My missus left me a note on the fridge door, it said...

"It's not working any more, I can't take it any longer, I'm going to my mothers."

I opened the fridge... the light came on... the beer was cold...
What the hell is she talking about ???

I bought the wife a new fridge for Christmas and was a bit apprehensive that she might be a bit miffed. However, her face lit up when she opened it.
 

DhDJC3XWsAI5RR1
 

Did you know that there are 4 types of orgasm...

1 The Positive, the:
Oh Yes, Oh Yes, Oh Yes...

2 The Negative, the:
Oh No, Oh No, Oh No...

3 The Religious, the:
Oh God, Oh God, Oh God...

4 The Fake, the:
Oh Jurgen, Oh Jurgen, Oh Jurgen


(Or...
Oh Salah, Oh Salah, Oh Salah...
You get the idea. Any Red Tosser)
 
Clive was walking past the lunatic asylum one day; drifting over the wall could be heard the faint sound of chanting.

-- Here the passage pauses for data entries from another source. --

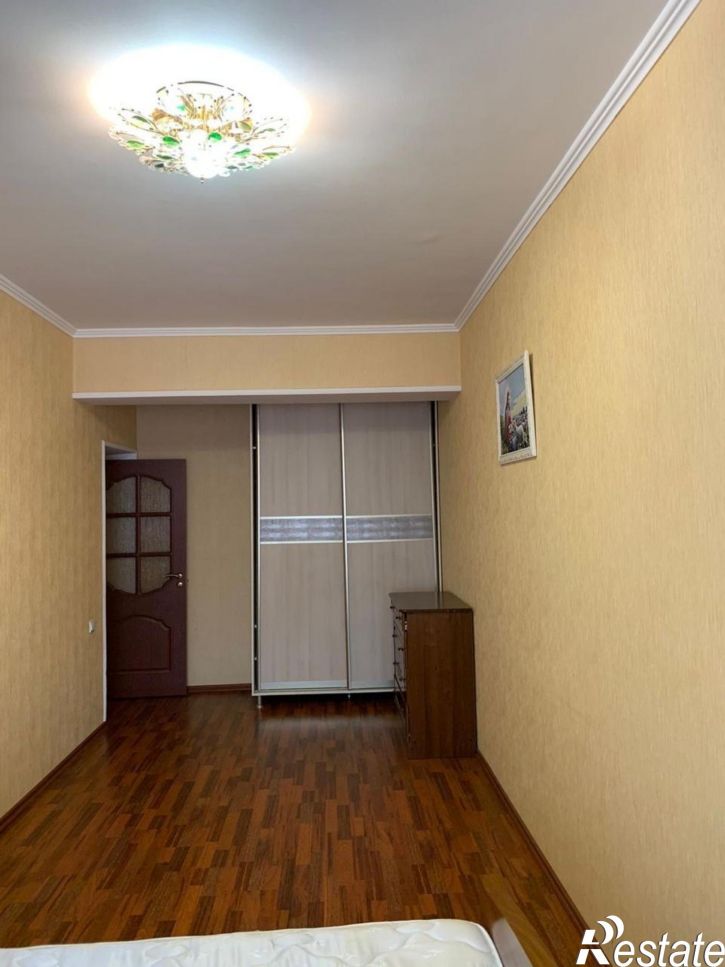 2-комн квартира улица Лермонтова, 116В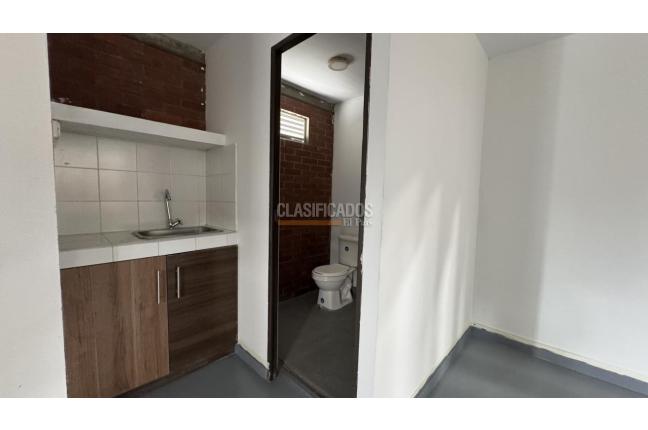 Locales y Bodegas, Alquiler, Yumbo - $26.600.000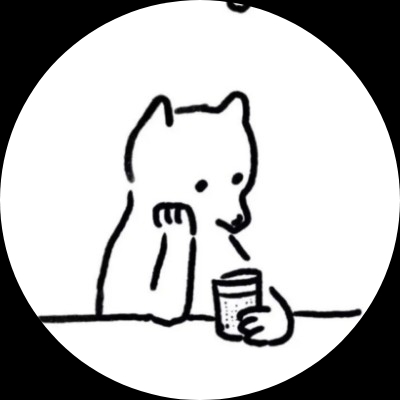 AloneRegret
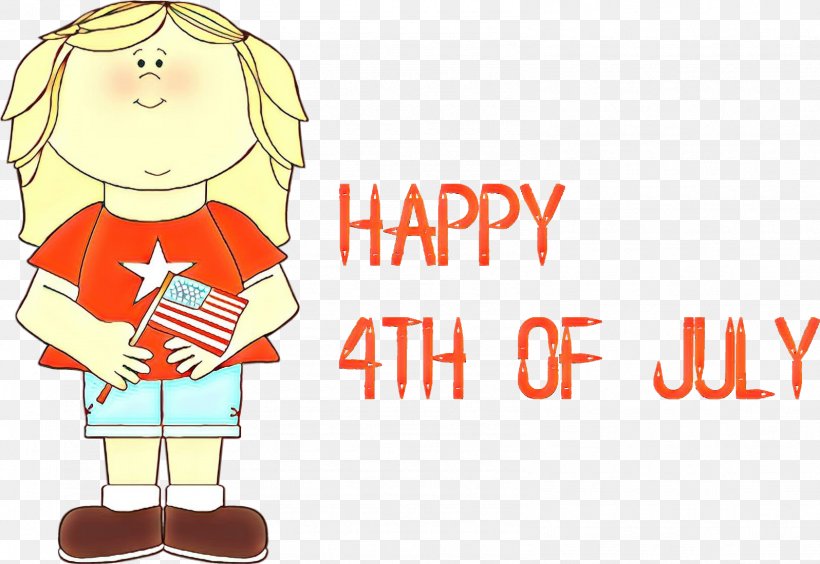 Independence Day Drawing, PNG, 1596x1099px, Cartoon, Drawing, Independence Day, July, Logo Download Free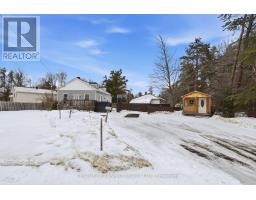 212 SCHWANZ ROAD, Petawawa, Ontario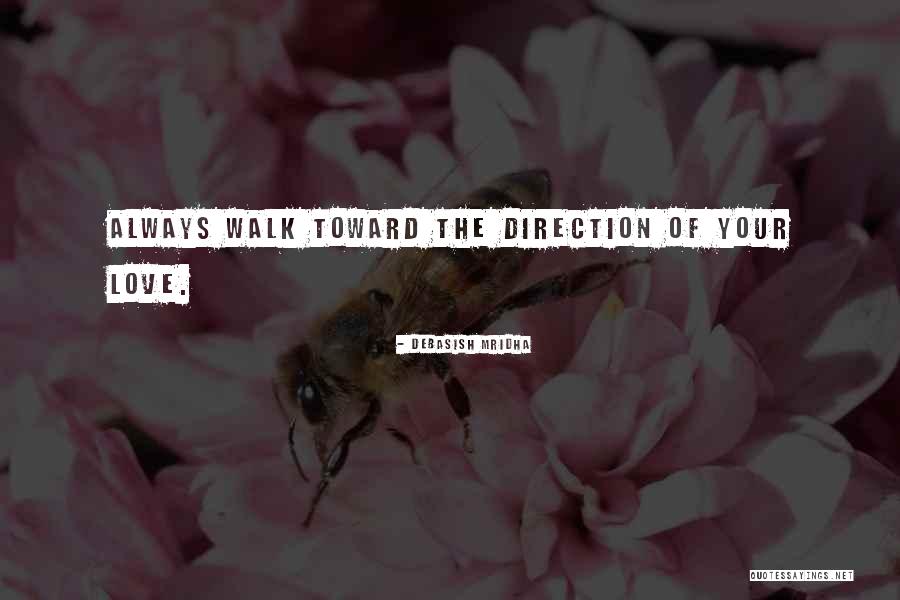 Ansari Md Quotes By Debasish Mridha Ansari Md Quotes By Debasish Mridha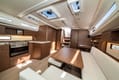 Sailboat Poseidon affordable yacht charter in Croatia | Yacht4Less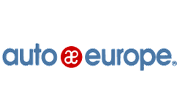 Auto Europe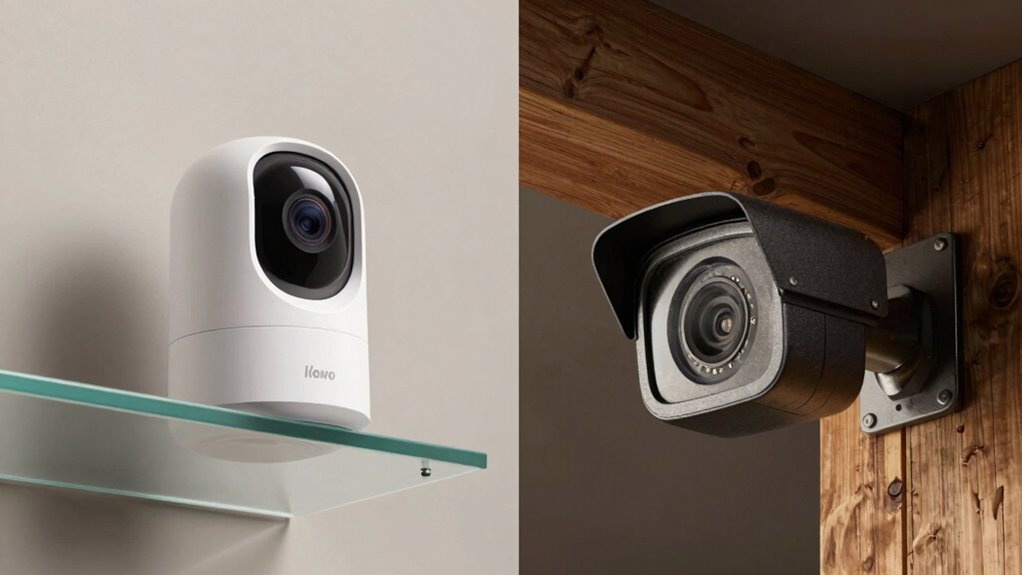 cost comparison cloud vs local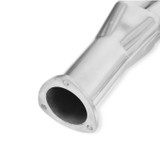 Hooker 2840-1HKR - Super Competition Long Tube Header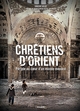 Image de Chrétiens d'Orient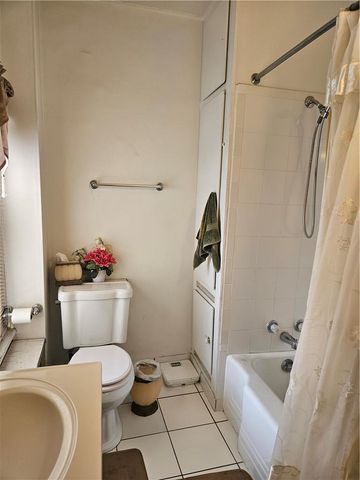 180 West Tilghman, Allentown City, PA 18102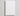 Infrapower glas keramisch infraroodpaneel 600W badkamer designverwarming 60 x 90 cm
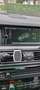 BMW 520 520d Touring Aut. Special Edition - thumbnail 14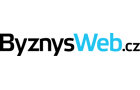 ByznysWeb
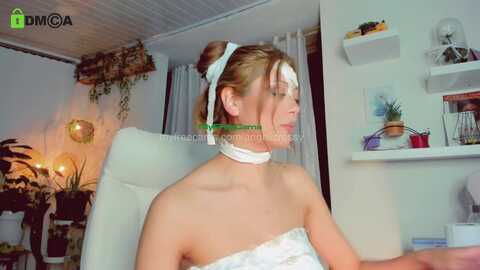 angelicrossy @ myfreecams on 20231014
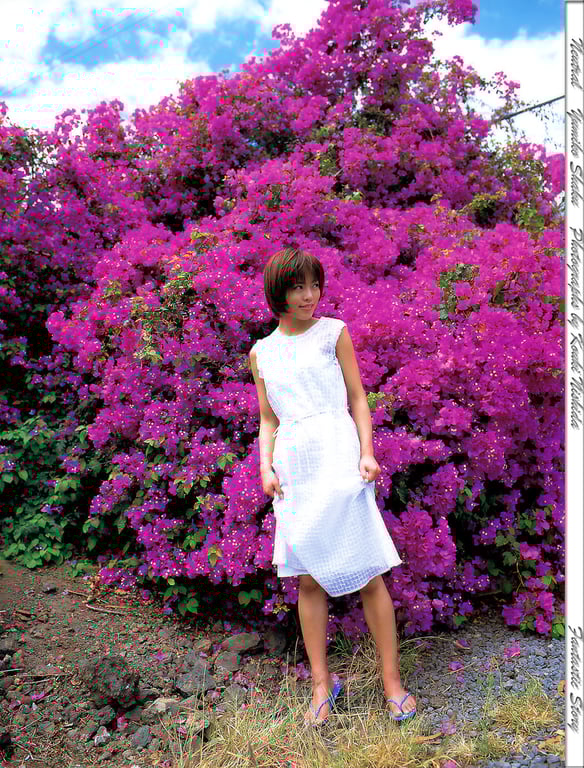 图片[56]-#釈由美子 – Neutral - 全本免费在线观看-阅图吧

"Eleven, eleven, eleven, eleven, eleven"

The further he walked the more intrigued he became by the chanting.

Eleven, eleven, eleven, eleven, eleven"

Consumed with curiosity, he searched the perimeter for some way of looking in.

Eleven, eleven, eleven, eleven, eleven"

Finally he found a small gap in the wall that he could look through He put his eye to the gap, and was immediately poked in the eye with a stick!

The chanting stopped for a beat, before starting up again.

"Twelve, twelve, twelve, twelve, twelve!"